24 septembre 1995. « La France est une et indivisible ». Affirmation parfaitement gratuite et ridicule. La France s’est constituée, lentement, imperceptiblement à l’échelle d’une vie humaine sans doute, mais elle est bien née historiquement. Il n’y a donc aucune raison pour qu’elle ne meure pas, qu’elle se dissolve dans quelque chose de plus grand qu’elle-même, ou en entités plus petites qu’elle-même, ou les deux.

📚 Livres lus

  • Graham Greene. Our Man in Havana / Notre agent à la Havane. (1958). Un roman d’espionnage comique. A Cuba du temps du régime Batista, un expatrié britannique, recruté par erreur par les services secrets de son pays, mais qui a besoin d’argent, invente des rapports secrets et tout un réseau d’espionnage. Publié avant la crise des missiles, une satire de l’incompétence des services secrets qui n’est pas sans faire écho à l’actualité des années 2000-2010.
  • Georges Simenon. Le Liberty Bar. (1931)
  • Georges Simenon. L’écluse numéro 1. (1933). Une curiosité : un personnage secondaire est élève à l’Ecole des Chartes. Un souffreteux.
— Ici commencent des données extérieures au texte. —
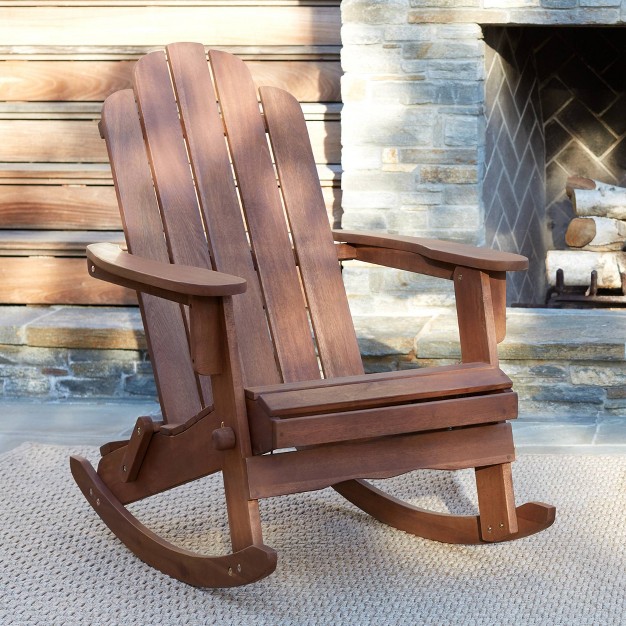 Teal Island Designs Chandler Dark Natural Adirondack Rocking Chair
Il se suicide dans le premier tiers du roman.

🛒 Ajouté à ma liste

  • Bertrand Schmid. L’aiguilleur. Ed. Inculte (2021)
  • Ian Dunt. How to Be a Liberal: The Story of Freedom and the Fight for Its Survival. Canbury Press (2021)
  • Lawrence Wright. God Save Texas: A Journey into the Future of America. (2018)
  • Dennis Duncan. Index, A History of the: A Bookish Adventure from Medieval Manuscripts to the Digital Age. (2021)
  • Moniteur de CO2 Détecteur de la Qualité de l’Air Therm La Mode pour CO2 Température Humidité, Étalonnage Facile Alarme Multiple Moniteur de Qualité d’Air
  • Rubson Vaporisateur Anti-Moisissures, Spray nettoyant puissant qui élimine la moisissure en 10 minutes. Vaporisateur pour intérieur & extérieur, 500 ml
  • STAUB Cocotte en Fonte, Ronde 24 cm, 3,8 L, Noir

🎧 Dans mes oreilles

  • Moritz Von Oswald Trio. Dissent. (2021) Le producteur de dub berlinois en trio avec le batteur de jazz Heinrich Köbberling et Laurel Halo aux claviers. C’est un hybride de jazz et de musique électronique qui plante ses racines dans le jazz fusion de Miles Davis et Herbie Hancock, et explose en pétales vibrants dans un ciel bleu électrique tout ce qu’il y a de plus contemporain.
  • Les Sins. Michael. (2014) Chaz Bundick publie généralement sa musique sous le pseudonyme de Toro y Moi. Il utilise ici un autre pseudonyme, Les Sins, pour une musique électronique plus rythmée et épurée.